Frontiers of AI in Medical Imaging:
End-to-end system design for fast, motion-robust video imaging
Abstract: Magnetic Resonance Imaging (MRI) systems offer rich information about the human body. However, their clinical use is hindered by key challenges, primarily the long scan duration and sensitivity to motion artifacts. Moreover, due to the high complexity of MRI systems, their components are commonly designed separately, which leads to sub-optimal performance. Although machine learning (ML) techniques have recently shown great promise for addressing these challenges, their development is hindered by the scarcity of suitable training data. In this seminar I will introduce new strategies for developing ML-based computational frameworks for fast, motion-robust medical imaging with MRI. First, I will review data-related challenges, and demonstrate that naïve use of open-access medical databases could lead to biased, overly optimistic results. Then, I will present new strategies for rethinking the entire medical imaging pipeline. Specifically, I will introduce two computational frameworks for rapid dynamic (video- capturing) imaging, featuring an end-to-end acquisition-reconstruction design. The first,
BladeNet, combines a motion-informative data sampling technique with a unique ML-based reconstruction network. This framework enables accelerated free-breathing imaging, which is
highly suitable for pediatric patients. The second framework, K-band, addresses challenges in 4D (dynamic-volumetric) imaging by introducing an end-to-end pipeline design, with fast data acquisition and self-supervised reconstruction. This framework enables training self-supervised DL models using only limited-resolution data, which can be acquired rapidly, and offers easy implementation. Finally, I will conclude with an outlook to the future of AI medical imaging, focusing on emerging technologies for low-coast imaging and personalized healthcare.
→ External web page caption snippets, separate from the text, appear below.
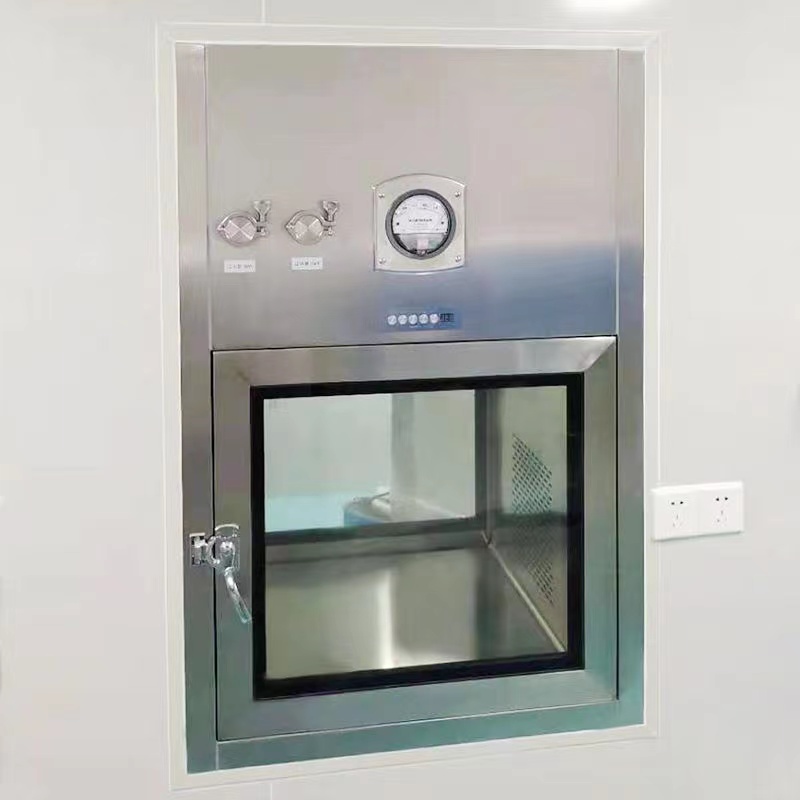 Cleanroom Pass Box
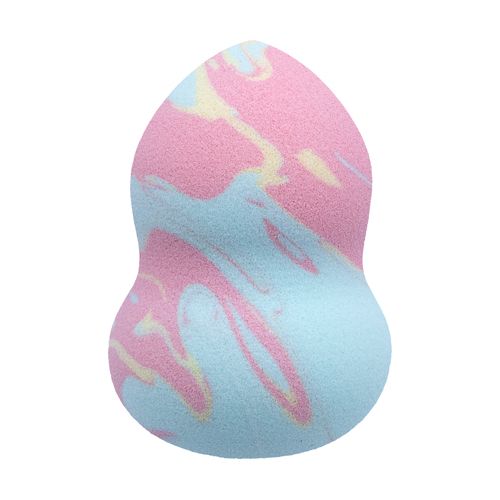 Neonska spužva za šminkanje s tie-dye efektom Spužve za šminkanje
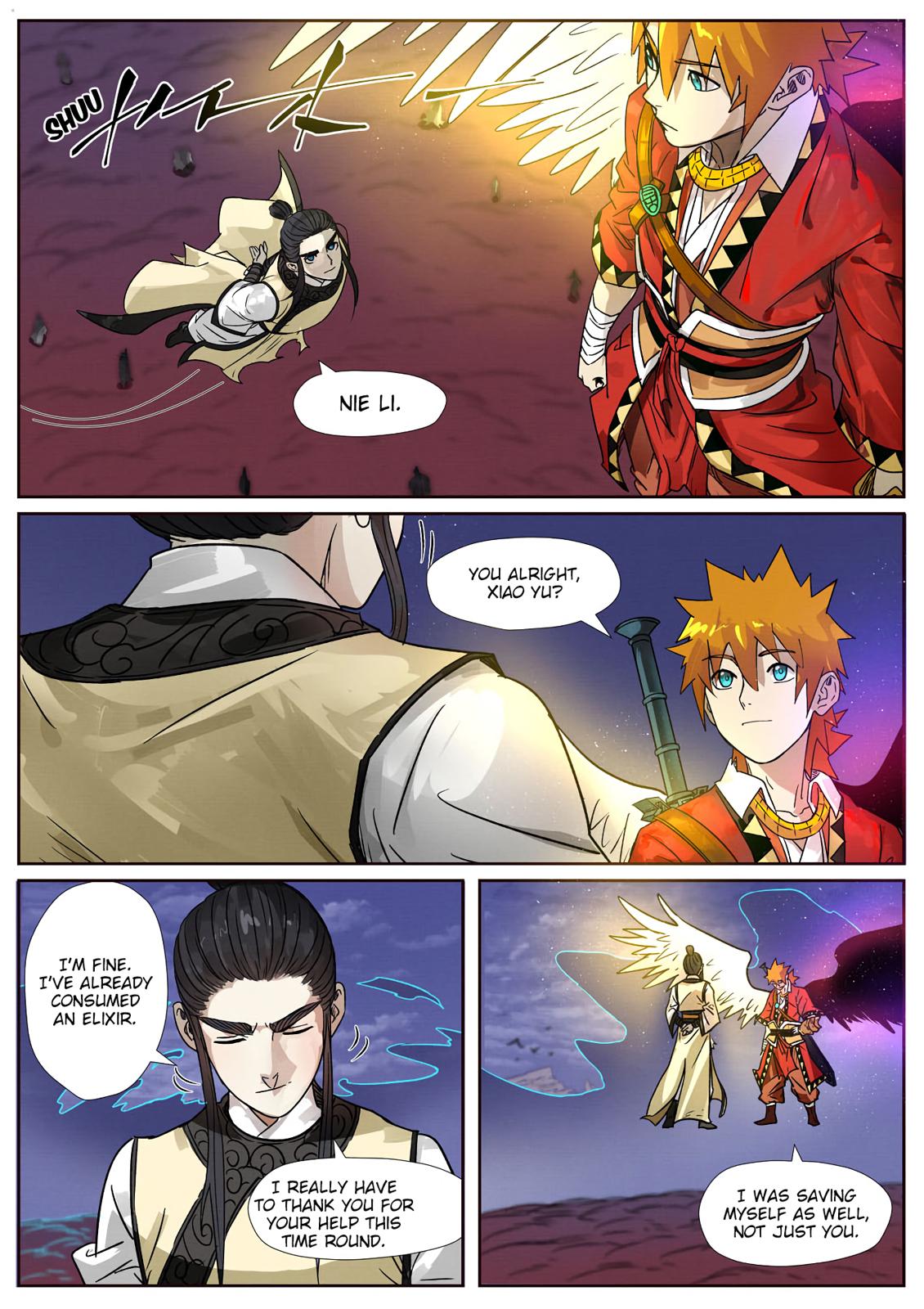 Tales of Demons and Gods Chapter 272.5 page 2 - Chapter 272.5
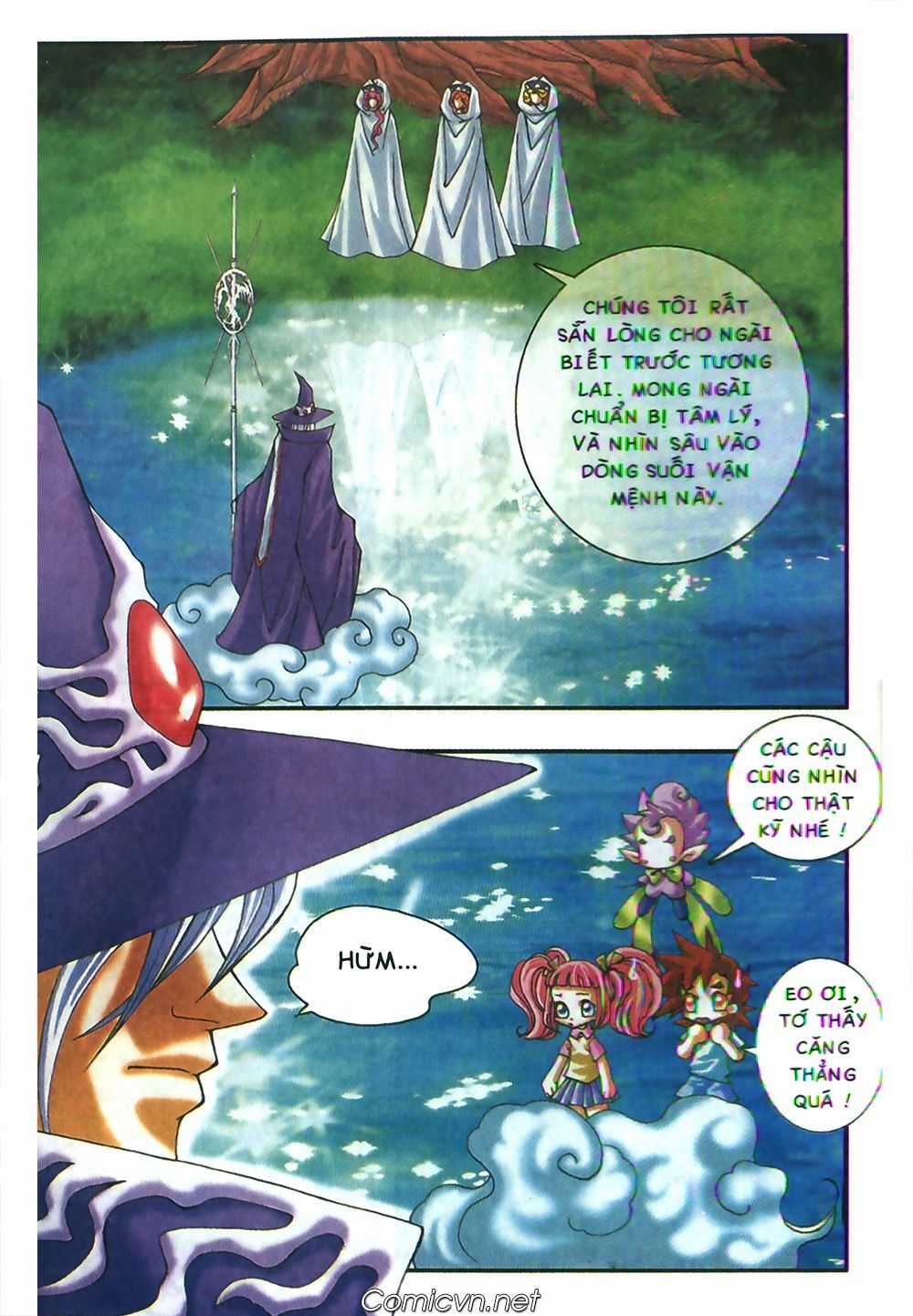 Thần Thoại Bắc Âu Chapter 48 trang 21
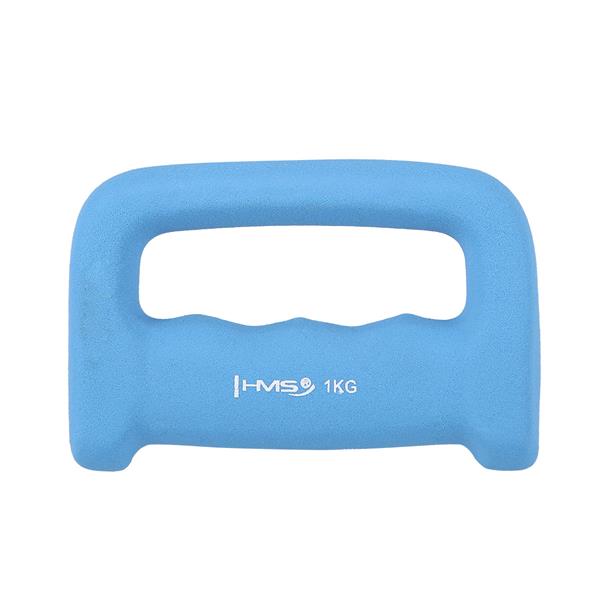 CK10 KASTET LIGHT BLUE CAST IRON WEIGHT NEOPRENE COVERED 1.0 KG HMS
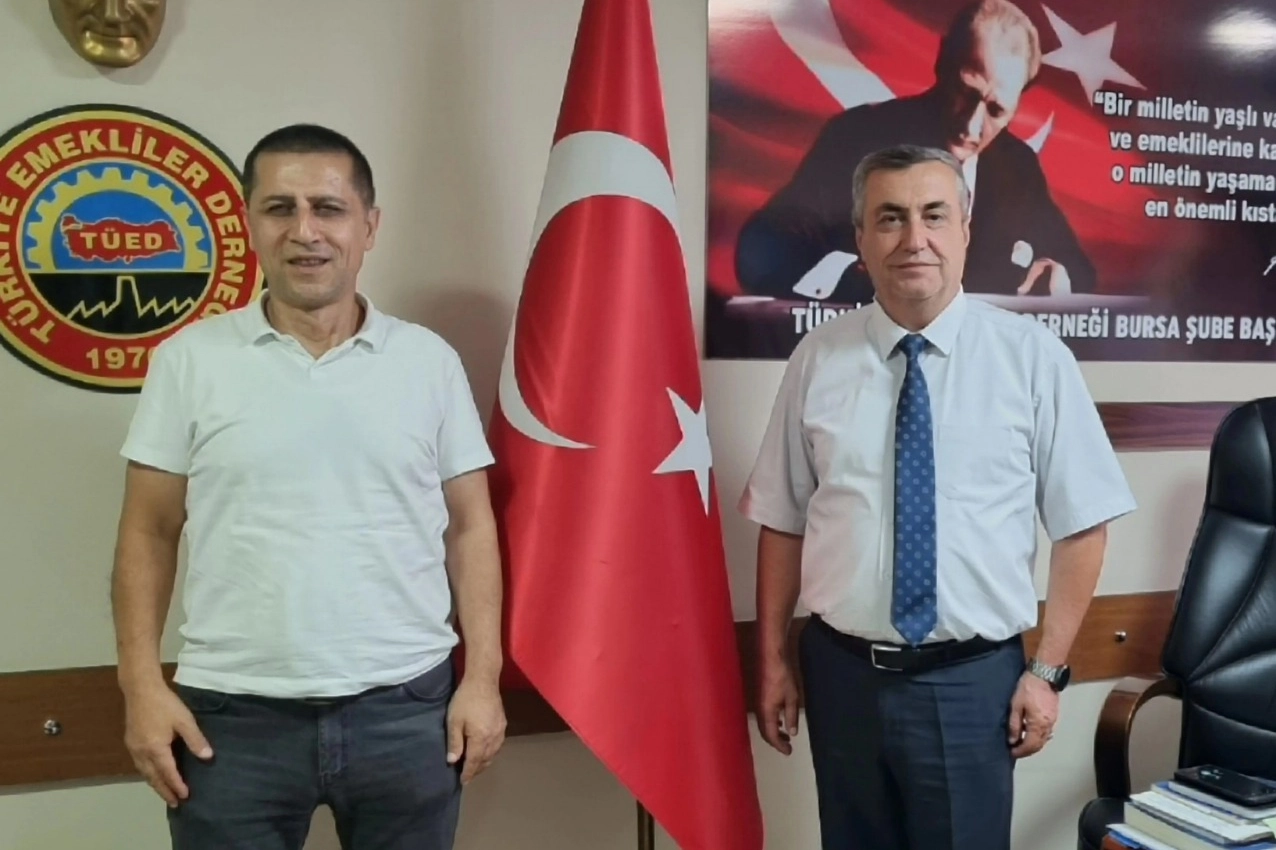 TÜED Bursa Şubesi’nde emeklilerin sorunları tartışıldı 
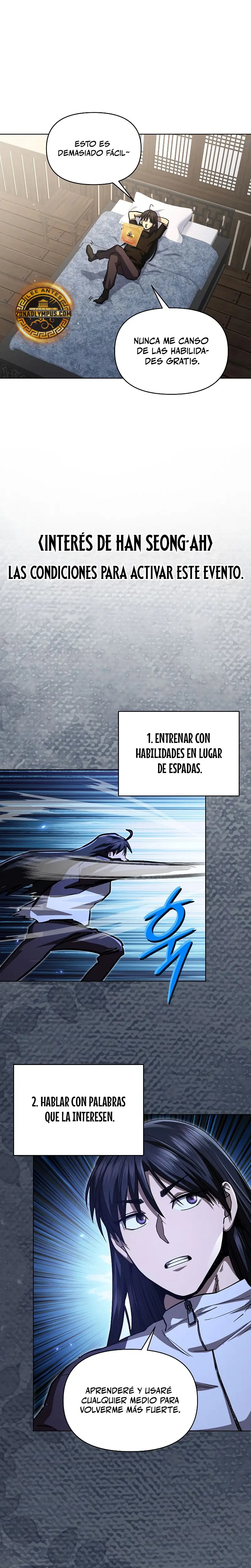 Me convertí en el sucesor del dios marcial Capitulo 11 página 13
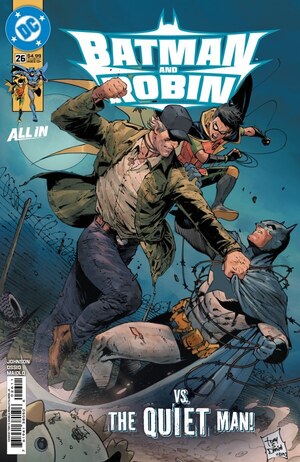 [Batman and Robin (series 3) 26 (Cover A - Tony S. Daniel)]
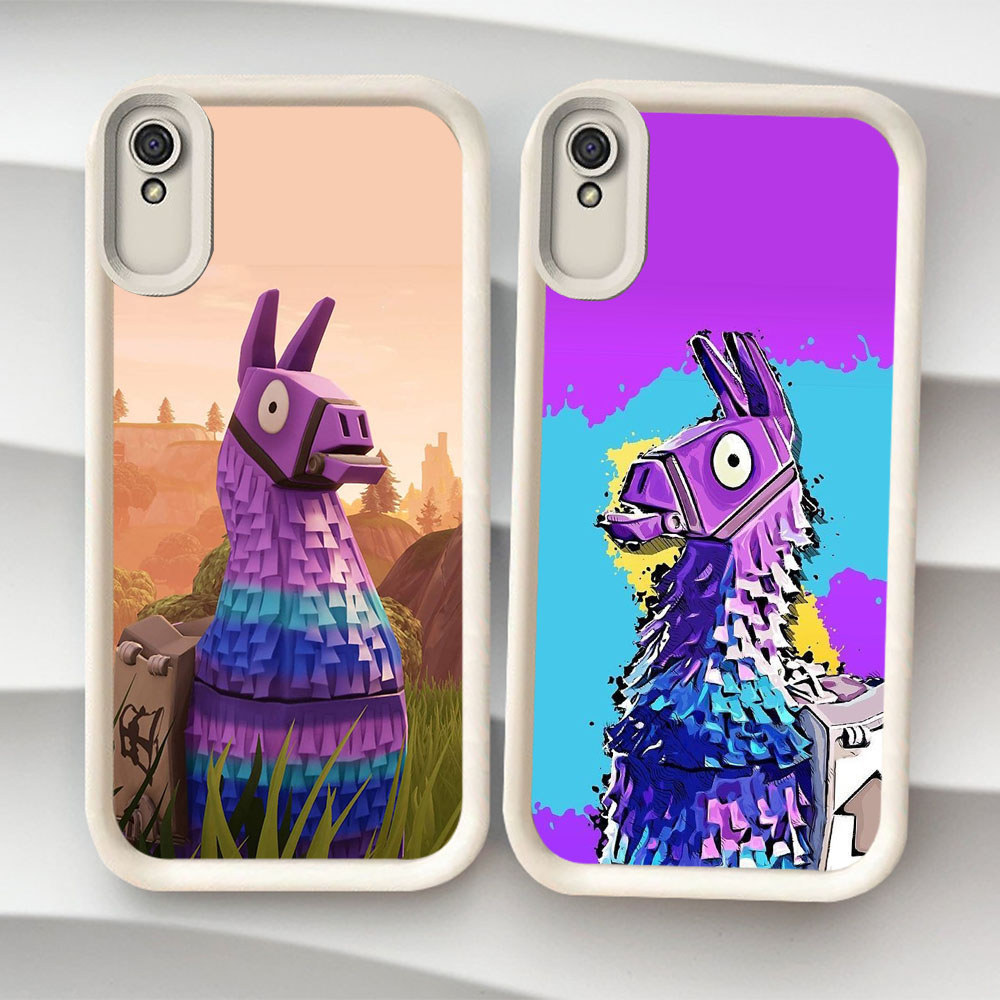 เคสป้องกันสําหรับ Xiaomi Redmi หมายเหตุ POCO 7 M3 M4 9T 9A Pro กรณี NR13 Loot Llama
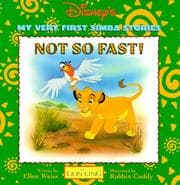 Tapa de Not so fast!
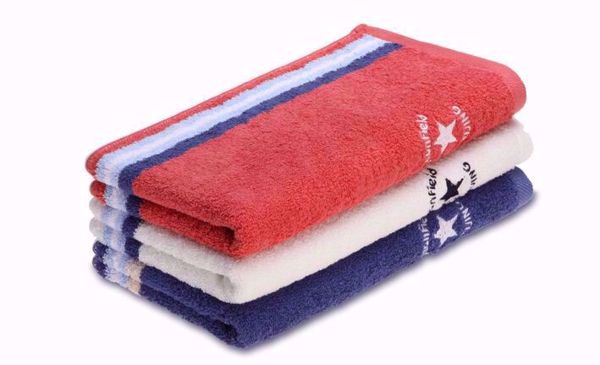 Afbeelding van Handdoeken (klein en groot, 3 stuks van elk)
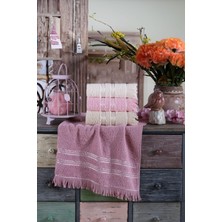 Seraser Home Tekstil Polina | 3'lü El&yüz Havlu Seti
Bio: Efrat Shimron is a postdoctoral fellow in the Department of Electrical Engineering and Computer Sciences (EECS) at UC Berkeley, working with Prof. Michael (Miki) Lustig. Her research focuses on developing machine learning techniques for medical imaging, focusing on dynamic body imaging. She had previously obtained a PhD from the Technion – Israel Institute of Technology, where she developed Compressed Sensing techniques for rapid MRI. Efrat was selected as a 2023 Rising Star in Electrical Engineering and Computer Sciences (EECS) and 2022 Outstanding Emerging Investigator. She is also the recipient of summa cum laude awards from several international conferences. Additionally, her work on identifying Data Crimes in medical AI algorithms received wide media coverage.